**Task inputs**:
####################

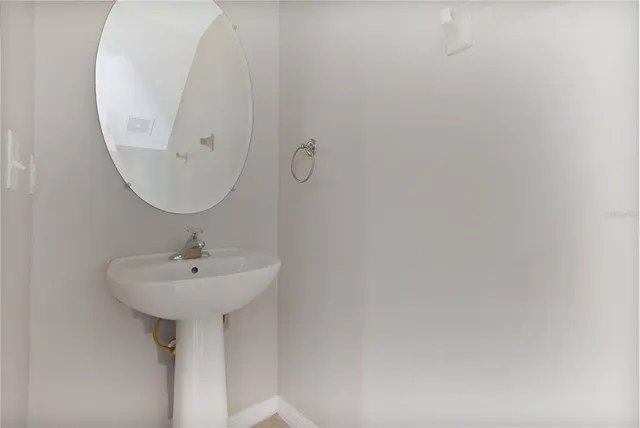 a bathroom with a sink and mirror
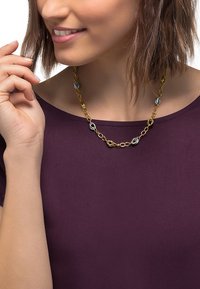 Gold and silver chain necklace featuring oval links with circular accents, worn over a purple top, showcasing a layered design.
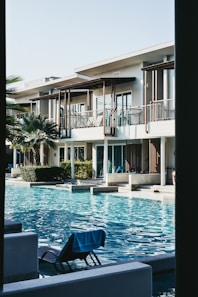 white concrete house near swimming pool during daytime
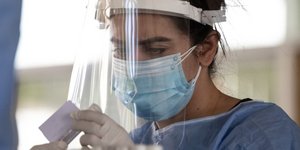 Γιατρός με μάσκα και ασπίδα προσώπου παίρνει δείγμα για έλεγχο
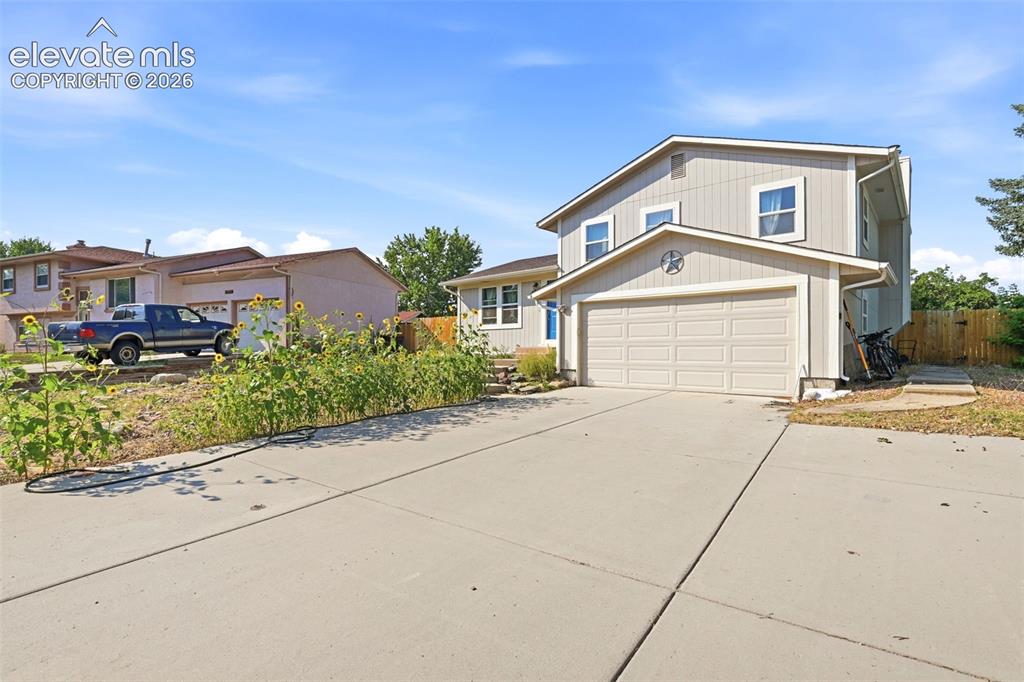 Image 3 of 34: Two-story property with light-colored siding, a two-car garage, and a concr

####################

**Work to be completed**: Repeat all the records exactly, images excluded.

**Answer to the exercise**:
 a bathroom with a sink and mirror
 Gold and silver chain necklace featuring oval links with circular accents, worn over a purple top, showcasing a layered design.
 white concrete house near swimming pool during daytime
 Γιατρός με μάσκα και ασπίδα προσώπου παίρνει δείγμα για έλεγχο
 Image 3 of 34: Two-story property with light-colored siding, a two-car garage, and a concr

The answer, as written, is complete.